When the existing data used for the analysis are not publicly available, researchers are strongly encouraged to deposit the data, with the permission of the original data producer. This is especially important if existing data were linked to data collected under the award to produce project findings, and both the existing and original data are needed to replicate the analysis. If the original data producer does not permit their data - existing or derived - to be archived, the investigator should contact their assigned NIJ or OJJDP Grant Manager before submitting their files to NACJD.

Existing Data Linked to Collected Data

Existing data may have been linked to original data collected by the project. The guiding questions on what to deposit are: (a) are the existing data already publicly available, (b) how easily the original data can be linked to the existing data, and (c) how easily the derived variables can be recreated.

If the linkage is straightforward and the existing data are publicly available, then users can easily obtain the existing data themselves from the original source and link them to the original data submitted by the researcher. In this case, the project report(s) should clearly identify the source of the existing data including version and/or date so that other users know which data to obtain. The code or setup file used to link the data that includes information about the variable (or combination of variables) that constitutes the unique identifier used to link the data files should also be provided.

If the linkage is not straightforward, then the researcher is providing a useful service by depositing the linked data. Examples that fit this type of situation include: (a) the link needs to be made using a judgment call of a combination of nonunique variables, for example, age, sex, and race of an individual and date of incident; and (b) an understanding of local geographic factors is needed to link correctly, for example, neighborhoods or block levels, especially over a range of years when boundaries shift. Here, the redundancy of having data stored twice at the archive is outweighed by the usefulness of providing others with the data already linked.

When the existing data are Census data, the linked Census data should be deposited as well, even though the link between the data files can be quite straightforward and the Census data are publicly available. Since the original Census files are large in size and contain a large number of variables, determining which Census variables to use and at what level to extract the data for the subsets can be time-consuming. Depositing the linked Census data makes it unnecessary for other users to repeat these subsetting steps.

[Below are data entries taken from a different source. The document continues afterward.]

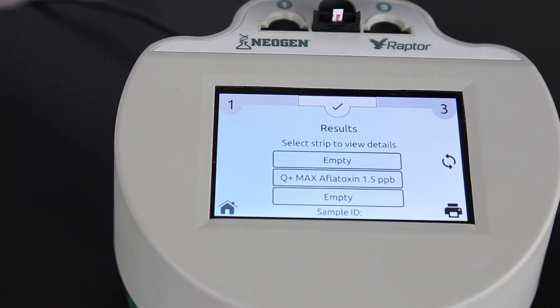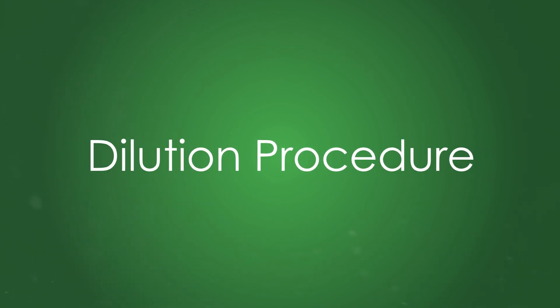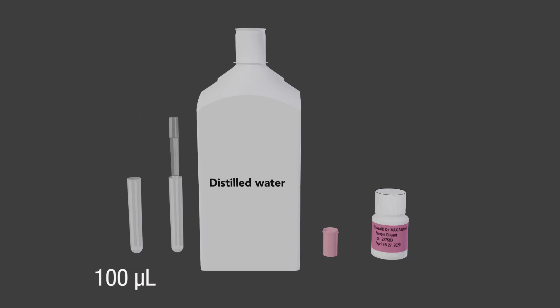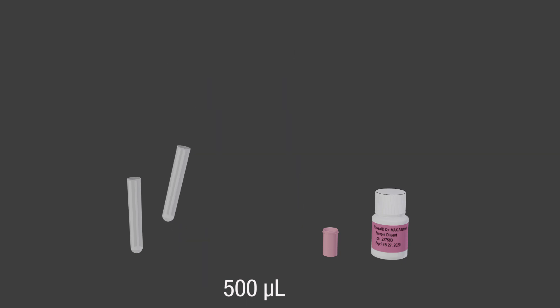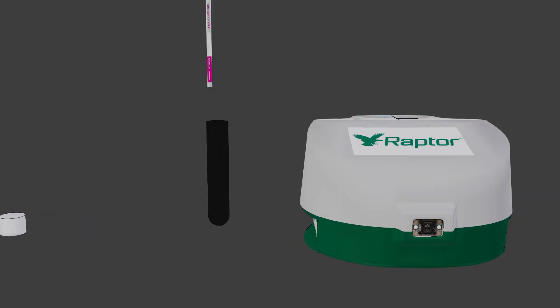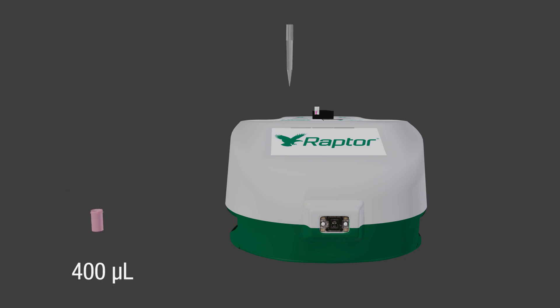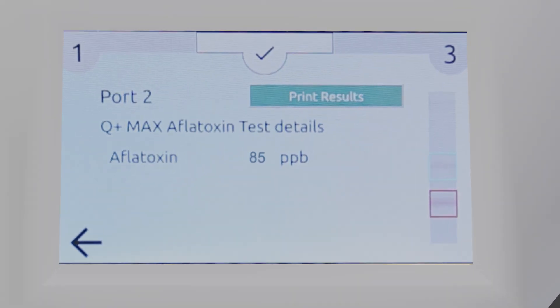For samples greater than 50 ppb, you will need to dilute and retest. Add 100 microliters of sample filtrate to a sample collection tube, add 500 microliters of distilled water, and mix well. Transfer 250 microliters of the sample dilution to a red dilution cup. Add 250 microliters of sample diluent and mix well. Place the Raptor cartridge into a port and add 400 microliters of sample to the cartridge. The result will be displayed. Remember to multiply your result by the dilution factor. For this example, multiply by 6.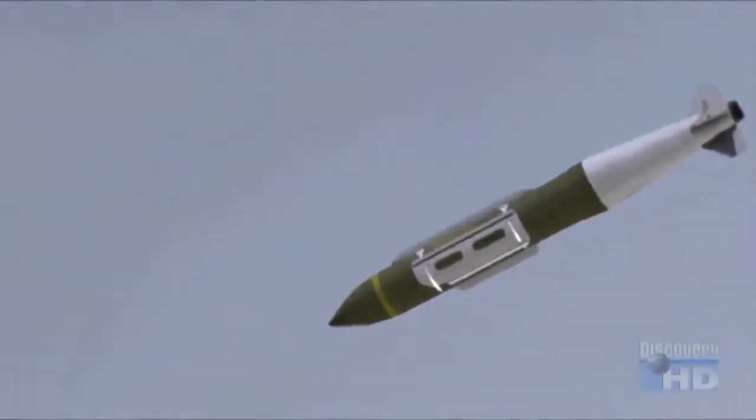As a JDAM falls, its inertial clock keeps track of its position and signals the tail to make course corrections, directing it to the target.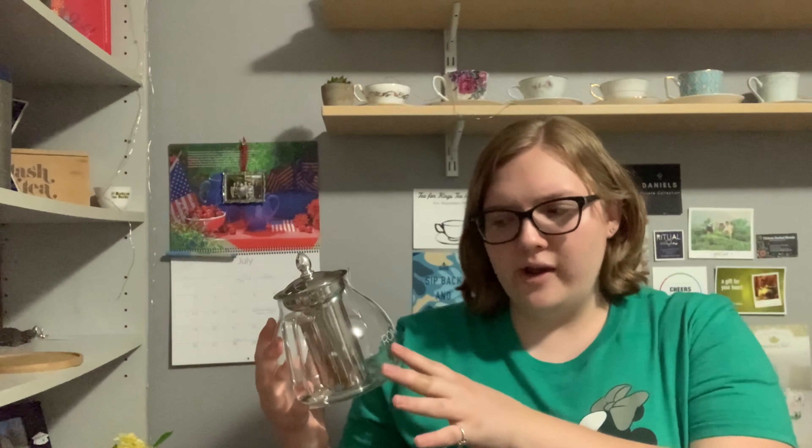Today I'm going to be doing a review of this wonderful glass teapot from Roimtea? Roimtea? I'm really sorry if that's not how it's pronounced. I don't know how it's pronounced, but this teapot...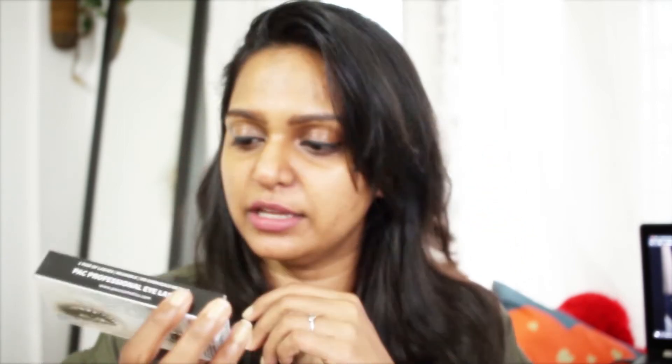I also bought these pack silk lashes in number SLK 100 — that stands for Silk 100. These are very thick lashes. I have a lot of false lashes but they're all light or medium thickness. I bought these really thick ones specifically for my wedding, and they were 415 rupees.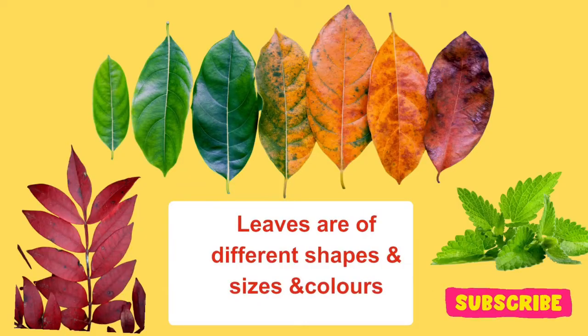Most leaves are green in colour. But children, we can also see different colours of leaves like red, yellow, orange and pink. Leaves have a variety of shapes too, some big and some small.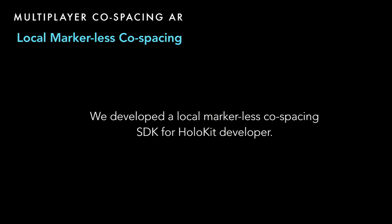We think local marker-less co-spacing is very important and will enable developers a lot of creative ideas — not just with markers — because marker-less is easier for consumers to access. So we developed a local marker-less co-spacing SDK for HoloKit developers. One application is enabling a multiplayer fighting game, because the system knows where your friends are, and you can just fight like that.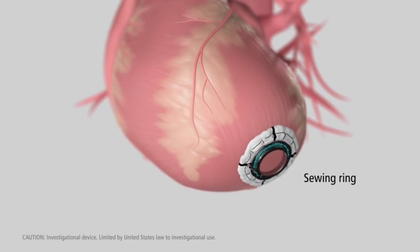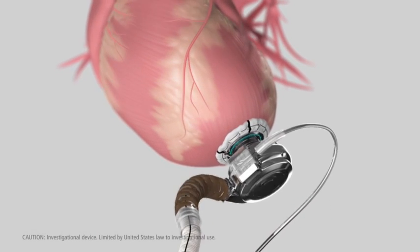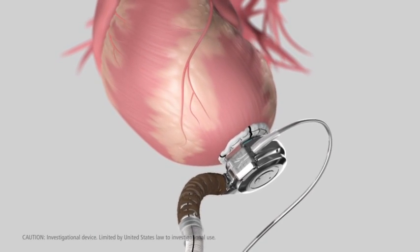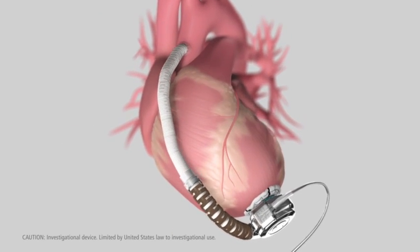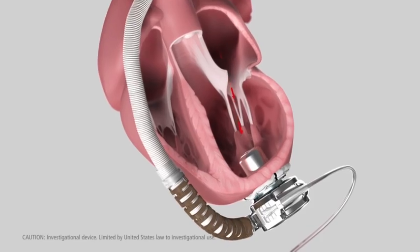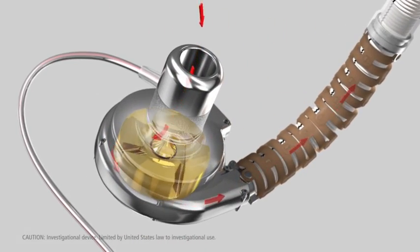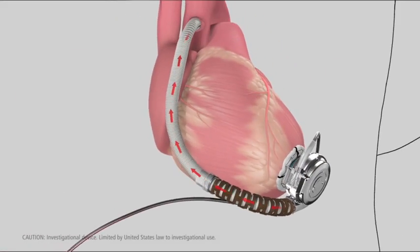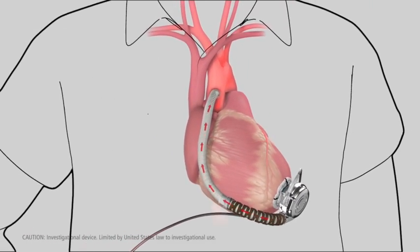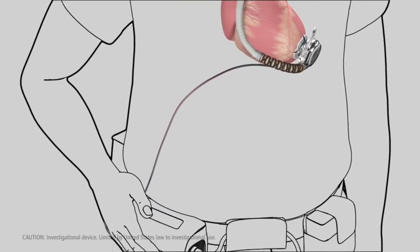Its small size and integrated inflow cannula allow the device to be implanted completely in the pericardial space directly adjacent to the heart, thereby avoiding abdominal surgery. The implant procedure makes use of a proprietary sewing ring and custom apical coring tool, which allow the pump to be attached to the apex of the left ventricle. The outflow graft is then attached to the ascending aorta.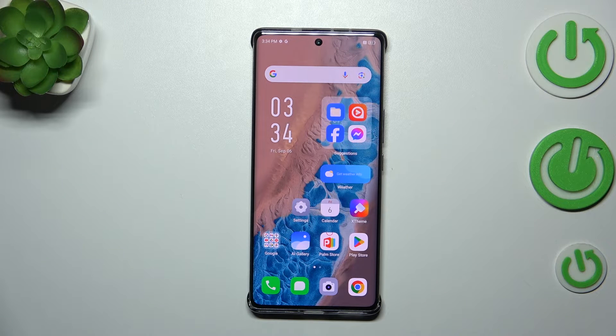Hi everyone. In front of me I've got the Infinix Note 40 Pro Plus, and let me share with you how to add the fingerprint to this device.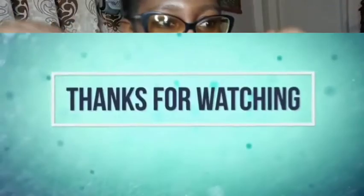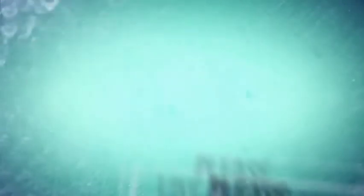Let me put it on and let you guys see how it looks. This is basically the video for today. If you liked it, please like, comment, share. Bye!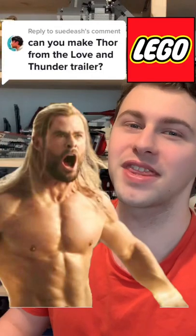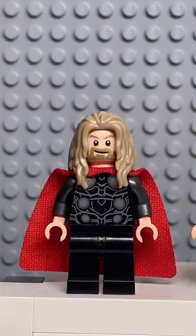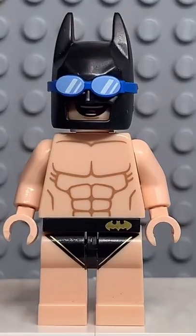Here's how to make a custom Lego Thor from the Love and Thunder trailer. Starting at the top, you're going to get the head and hair from this Thor. Then you're going to get the torso from this Batman. And finally, you're going to get some light blue legs.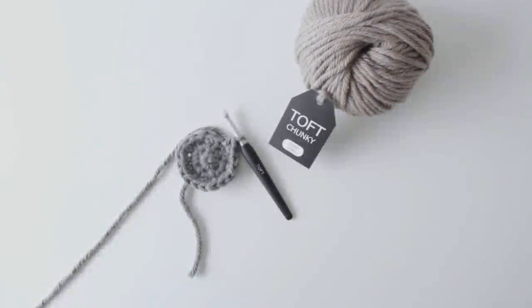Hi, I'm Kerry Lord from TOFT. This video forms part of a series to accompany the Edwards crochet kits, patterns and books. In this video I'm going to show you how to do the loop stitch.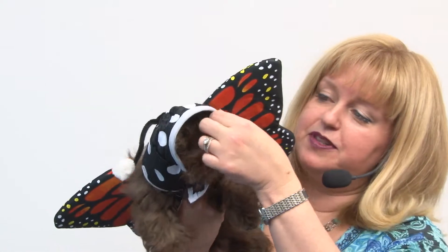These are sturdy foam, and they're going to be long-lasting. It also comes with a little polka dotted hat with antenna.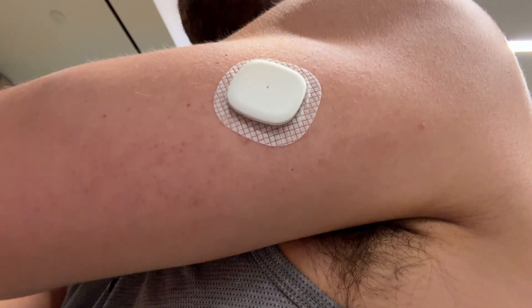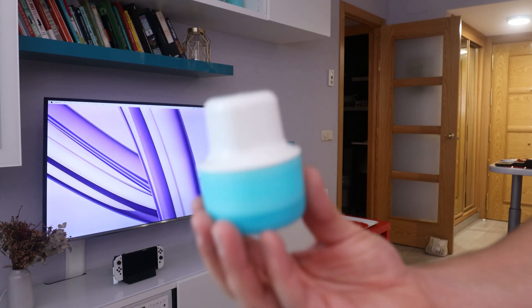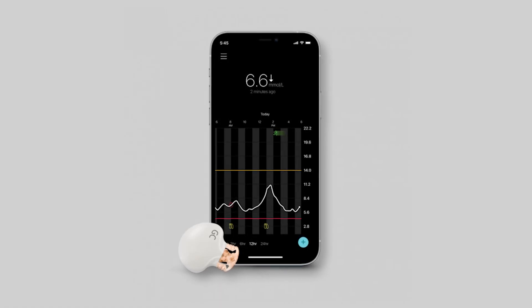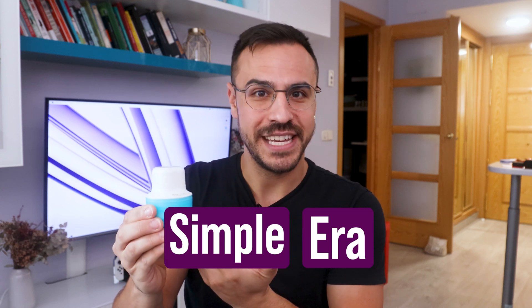Welcome to Diabete Tech. I'm Justin, and today I'm talking all about the Simplera CGM from Medtronic. This is its all-new continuous glucose monitor that is disposable. Previously they had a device, the Guardian 4, which many people are still using, even prior models, that was not disposable and pretty clunky. This one is meant to be the simple era to bring disposable continuous glucose monitoring to Medtronic systems.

Often, after the data are linked, the researcher may compute new variables based on the linked data (new categories are created, rates are produced, scales are developed). All useful derived variables should be deposited also, especially if the variables were used for analyses included in publications. Depending on the factors mentioned above, the derived variables may be deposited in a data file that includes the original data collected for the project, the existing data from another source, or the derived variables may be deposited with the original data alone. The code or setup file used to link the files and create the derived variables should also be provided.